==== Input data

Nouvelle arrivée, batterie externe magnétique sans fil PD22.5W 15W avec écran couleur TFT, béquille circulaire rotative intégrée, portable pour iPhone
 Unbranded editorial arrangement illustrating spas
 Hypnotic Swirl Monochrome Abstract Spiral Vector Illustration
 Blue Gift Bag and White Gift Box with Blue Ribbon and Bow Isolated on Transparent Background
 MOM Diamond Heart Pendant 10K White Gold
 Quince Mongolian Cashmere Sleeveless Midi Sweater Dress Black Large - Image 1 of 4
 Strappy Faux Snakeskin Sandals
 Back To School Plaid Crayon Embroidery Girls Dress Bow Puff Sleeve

========

• What is expected:
For this exercise, reproduce exactly each line from the one containing "MOM Diamond Heart Pendant 10K White Gold" through the last line of the data, and no others.

• Response to this exercise:
 MOM Diamond Heart Pendant 10K White Gold
 Quince Mongolian Cashmere Sleeveless Midi Sweater Dress Black Large - Image 1 of 4
 Strappy Faux Snakeskin Sandals
 Back To School Plaid Crayon Embroidery Girls Dress Bow Puff Sleeve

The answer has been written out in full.